Once I gathered and verified all the data from all my sources, it was time to harmonize it. This is where things get technical, but don’t worry, I’ll break it all down.

  • Using Callahan’s Intelligence Platform statistical software, I ran a multivariate Probit regression analysis
  • After performing diagnostics to stabilize the data model, I removed variables until those that were left were statistically significant
  • The end result was a highly predictive model/algorithm (McFadden R-Squared of ~ 0.86)
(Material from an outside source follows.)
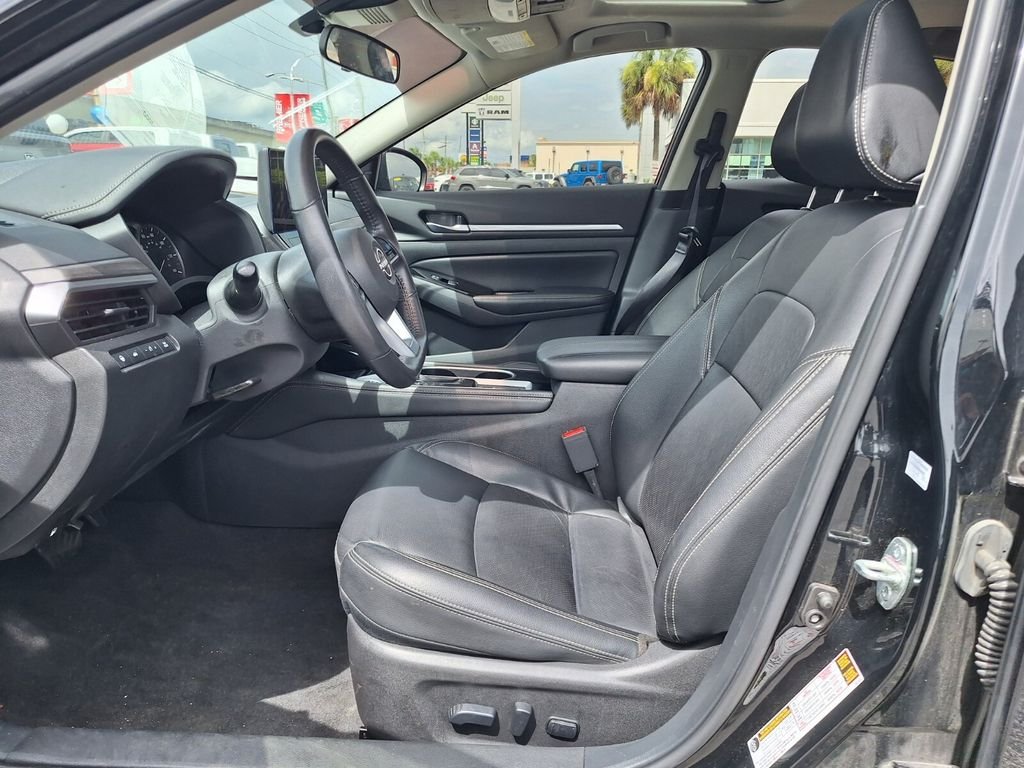 Used 2025 Black Nissan 2.5 SL image 11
The results of the analysis indicated that conference champions, strength of schedule, point value of largest loss, average point differential throughout the season and a school’s rights and licensing revenue earned will statistically influence which team makes the college football playoffs. This is the first hint of bias in the selection committee voting process.

The results also demonstrate that the playoff committee does in fact, give considerations, whether direct or indirect, to the profitability of having a particular school included in the college football playoffs. Schools with stronger brand positions are more likely to produce larger merchandise sales and game viewership than a school with a lesser brand position. This is magnified in the CFP, so the final team matchup is likely to include two teams with established brand positions.

In order to test the data’s accuracy and to take a deeper dive through reperformance, I pushed all university and team-related information through the model for each year.

This is where things get interesting. But, don’t worry, I’ll break it all down for you.

  • For 2014-2017, the statistical model agreed with 14 of the 16 teams (87.5%) the playoff committee selected, but only 3 of the 16 team rankings (18.8%).
  • In 2014, the statistical model predicted that Texas Christian University (TCU) should’ve made the playoffs, and that Oregon shouldn’t have.
  • In 2017, the statistical model predicted that the University of Central Florida (UCF) should’ve made the playoffs, and that Alabama shouldn’t have.

All this to say, the hypothesis was proven correct. And, if you were paying attention to the CFP landscape in 2014 and 2017, you’ll remember that these two cases were heavily debated.

So, stepping back into my day job as a business analyst at a marketing agency, our analytics group was tasked with understanding consumer spend patterns for one of our clients.

As a team, we brainstormed different ways to approach the challenge (e.g. creating test groups and monitoring them over time, etc.), and we determined the most efficient and cost-effective way would be to perform a statistical analysis by tagging paydays (based on federal paydays) up to and through the weekend (with consideration for bank holidays and when funds are available).

Then, we used the client’s sales data to tag pay periods as a binary variable (1,0), and used the Callahan Intelligence platform’s statistical software to perform a Probit regression analysis.

The results not only proved our hypothesis that customers, on average, spend more on our client’s products immediately after a payday, it also showed how much more they spend. Using this knowledge, we ran a highly targeted marketing campaign during pay weeks to increase sales performance, and then we paused the campaign during non-pay weeks.

We made a smarter, cost-conscious, strategic decision to improve our client’s bottom line, and we got to use a whole bunch of math!